The action will run on scheduler events every five minutes. Five minutes is the smallest number accepted by the scheduler. The scheduler is not guaranteed to run every five minutes, it might take longer between runs.

Using the scheduler is preferable over using pull_request_target for two reasons:

  1. if two Commit Queue Actions execution overlap, there's a high-risk that the last one to finish will fail because the local branch will be out of sync with the remote after the first Action pushes. issue_comment event has the same limitation.
  2. pull_request_target will only run if the Action exists on the base commit of a pull request, and it will run the Action version present on that commit, meaning we wouldn't be able to use it for already opened PRs without rebasing them first.

@node-core/utils is configured with a personal token and a Jenkins token from @nodejs-github-bot. octokit/graphql-action is used to fetch all pull requests with the commit-queue label. The output is a JSON payload, so jq is used to turn that into a list of PR ids we can pass as arguments to commit-queue.sh.

The personal token only needs permission for public repositories and to read profiles, we can use the GITHUB_TOKEN for write operations. Jenkins token is required to check CI status.

commit-queue.sh receives the following positional arguments:

  1. The repository owner
  2. The repository name
  3. The Action GITHUB_TOKEN
  4. Every positional argument starting at this one will be a pull request ID of a pull request with commit-queue set.

The script will iterate over the pull requests. ncu-ci is used to check if the last CI is still pending, and calls to the GitHub API are used to check if the PR is waiting for CI to start (request-ci label). The PR is skipped if CI is pending. No other CI validation is done here since git node land will fail if the last CI failed.
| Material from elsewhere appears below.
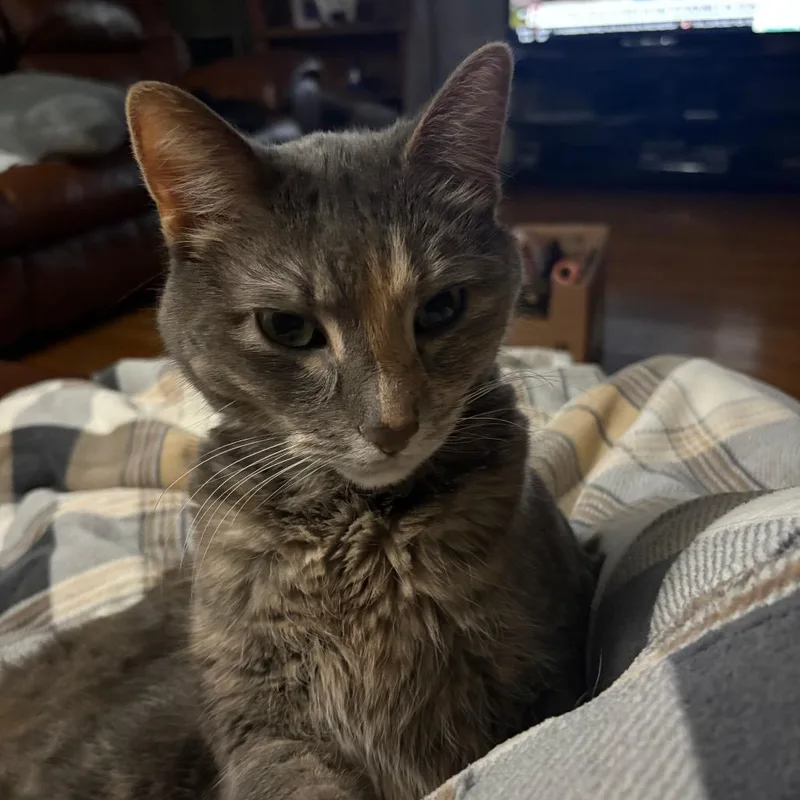 A senior small-sized female Tortoiseshell Domestic Short Hair cat named Gamora for adoption in Rochester, MN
The script removes the commit-queue label. It then runs git node land, forwarding stdout and stderr to a file. If any errors happen, git node land --abort is run, and then a commit-queue-failed label is added to the PR, as well as a comment with the output of git node land.
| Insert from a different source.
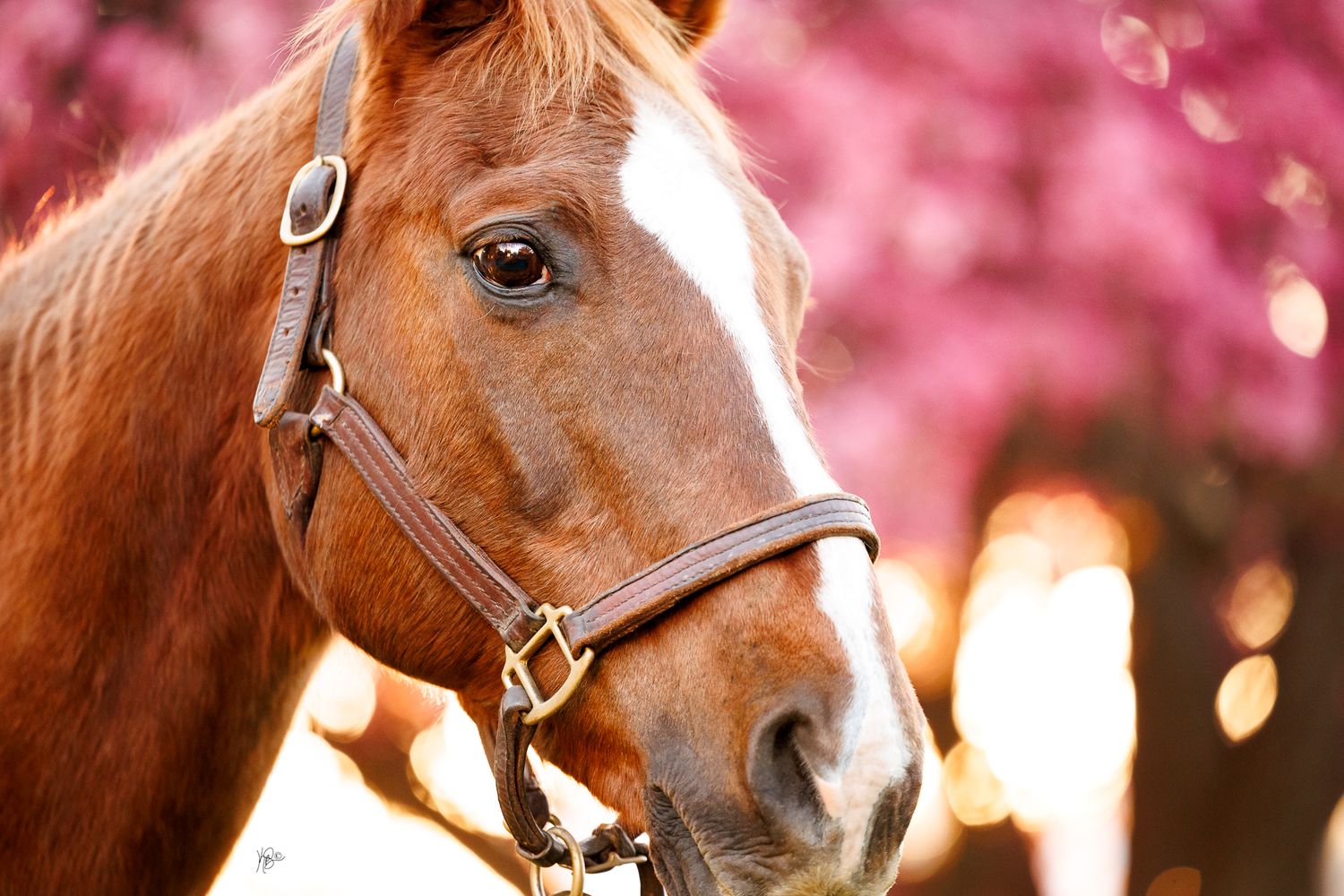 Close-up portrait of a chestnut horse wearing a leather halter with pink trees in the background.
If no errors happen during git node land, the script will use the GITHUB_TOKEN to push the changes to main, and then will leave a Landed in ... comment in the PR, and then will close it. Iteration continues until all PRs have done the steps above.

Reverting broken commits

Reverting broken commits is done manually by collaborators, just like when commits are landed manually via git node land. An easy way to revert is a good feature for the project, but is not explicitly required for the Commit Queue to work because the Action lands PRs just like collaborators do today. If once we start using the Commit Queue we notice that the number of required reverts increases drastically, we can pause the queue until a Revert Queue is implemented, but until then we can enable the Commit Queue and then work on a Revert Queue as a follow-up.